To be sure Israel was not free from the demands and the penalty of the law, but in a real sense the writer of Deuteronomy constantly admonished her to “become what you are.” In contrast those who “are in Christ” are freed from the law and the sentence of death pronounced by the law. But they too are exhorted to “become what you are.” With both there is exhortation in view of the indicative fact of salvation (election).
But let us return to the question, “Can the word of God for our time be found in Deuteronomy?” The answer is found perhaps in yet other questions: Does finite man possess the power to determine from which part of the Bible God will speak to him? Can there be a division of God’s word into those areas that do and do not speak to man? May not any of his word, indeed, does not all of his word speak to all who will heed it?

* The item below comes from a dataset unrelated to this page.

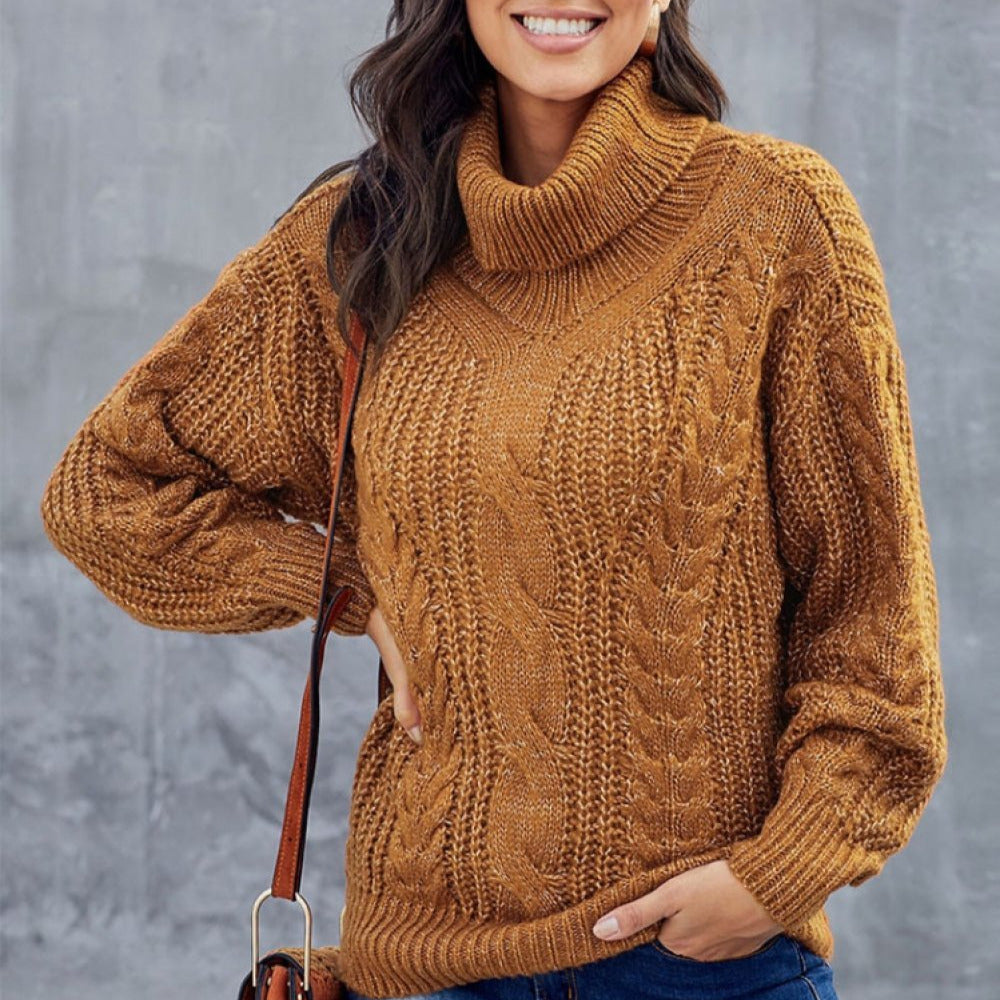 Studio Harvyn | Women – Cable Knit Turtleneck Sweater - Oversized Fit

Let every minister of the word then, come to this book sincerely believing that he will be able to hear many things which are surprisingly pertinent to the faith and life of his people. Let him be bold to speak the old word into a new situation. Let the steadfast conviction that God did not merely speak to an ancient people some long time ago but that he is ready to speak to the hearts of men in this troubled age-let this conviction constantly challenge the pastor to feed his people from this magnificent book.
Working Your Way into the Book
Every experienced minister has long since discovered that a true sermon is born in the heart of the preacher and hammered out in disciplined study. Ideas, seed-thoughts, and sermon subjects may be suggested by others, but there is a certain amount of “spade work” that must be engaged upon by the minister himself. This is done in the solitude of the study as he reads and rereads and meditates upon the biblical passage.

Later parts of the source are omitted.